### EXERCISE DATA
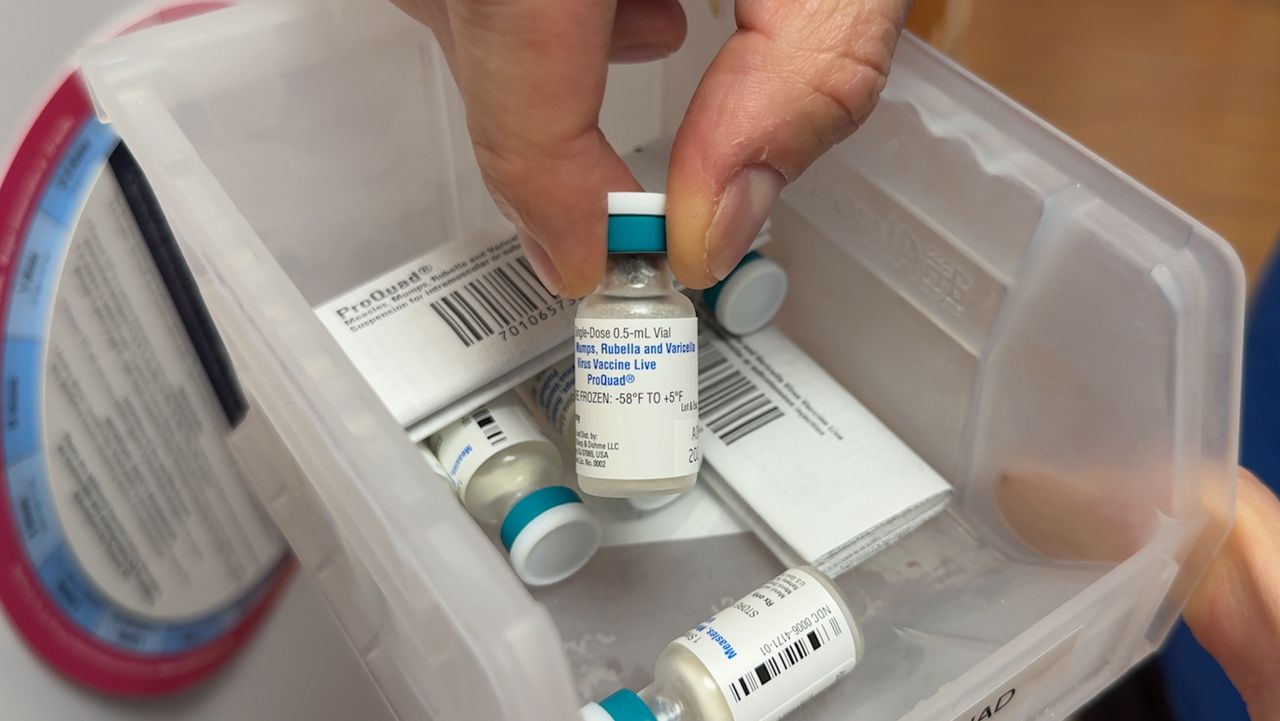 Florida ranks 5th in the country for the most measles cases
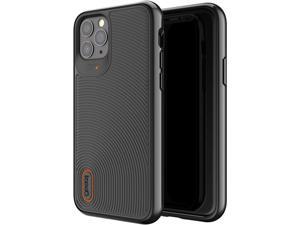 Gear4 iPhone 11 Pro Battersea Case with Integrated D3O for Drop Impact Protection, Black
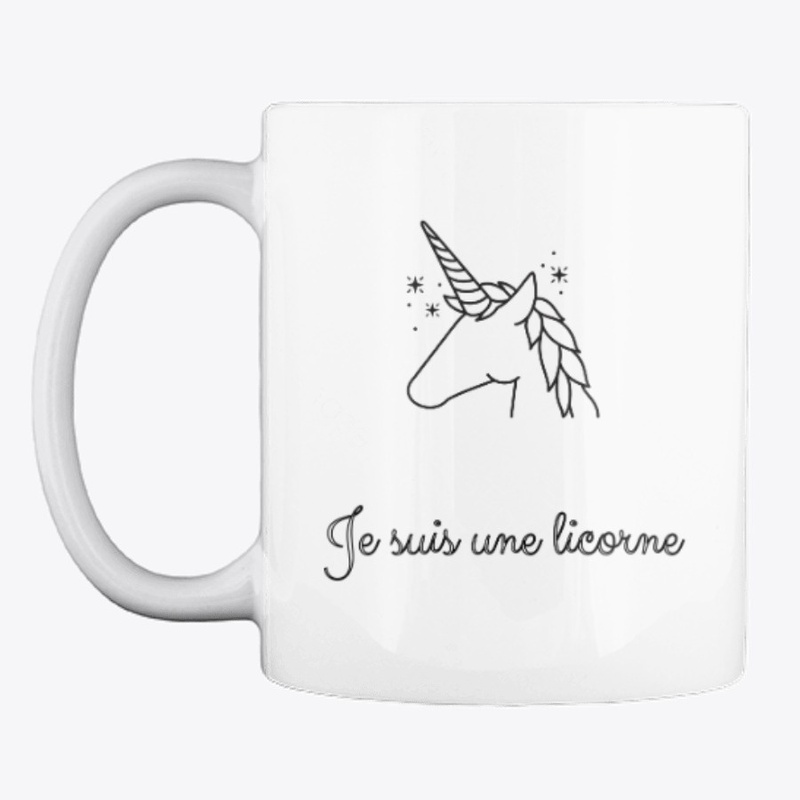 Je Suis Une Licorne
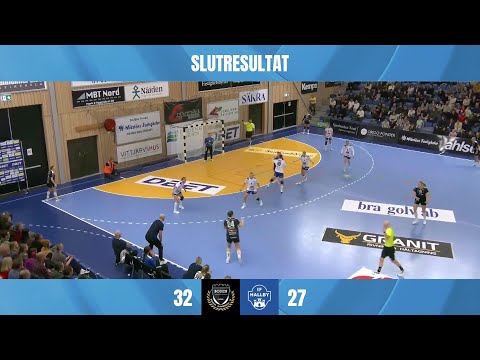 Boden Handboll IF vs IF Hallby HK – Höjdpunkter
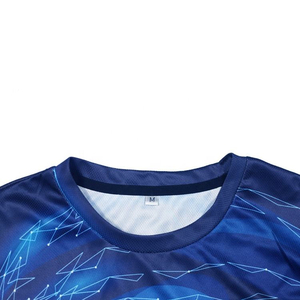 T-shirts personnalisés en sublimation, impression intégrale de haute qualité, design personnalisé, vente en gros directe d'usine - Product Image 4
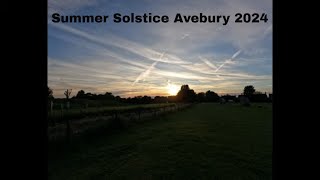 Avebury summer solstice 2024 [upl. by Conners587]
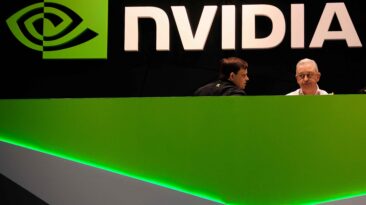 Sales for chip manufacturer Nvidia, which has absorbed the bulk of the hype around artificial intelligence (AI) advances, tripled in the last quarter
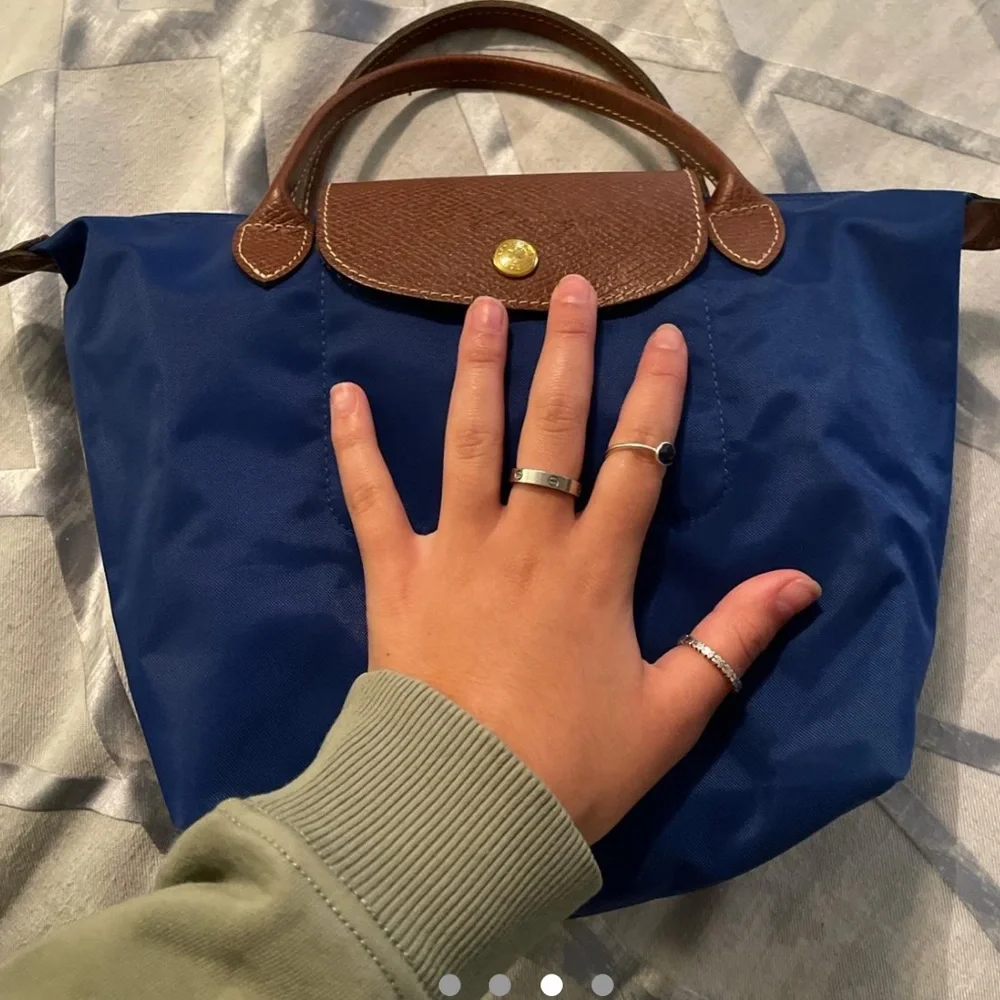 Mini Roya Blue Longchamp! - Picture 3 of 3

### WHAT TO DO
Keep the pictures out, and write out the rest of the data above word for word.

### SOLUTION TO THE PROBLEM
 Florida ranks 5th in the country for the most measles cases
 Gear4 iPhone 11 Pro Battersea Case with Integrated D3O for Drop Impact Protection, Black
 Je Suis Une Licorne
 Boden Handboll IF vs IF Hallby HK – Höjdpunkter
 T-shirts personnalisés en sublimation, impression intégrale de haute qualité, design personnalisé, vente en gros directe d'usine - Product Image 4
 Avebury summer solstice 2024 [upl. by Conners587]
 Sales for chip manufacturer Nvidia, which has absorbed the bulk of the hype around artificial intelligence (AI) advances, tripled in the last quarter
 Mini Roya Blue Longchamp! - Picture 3 of 3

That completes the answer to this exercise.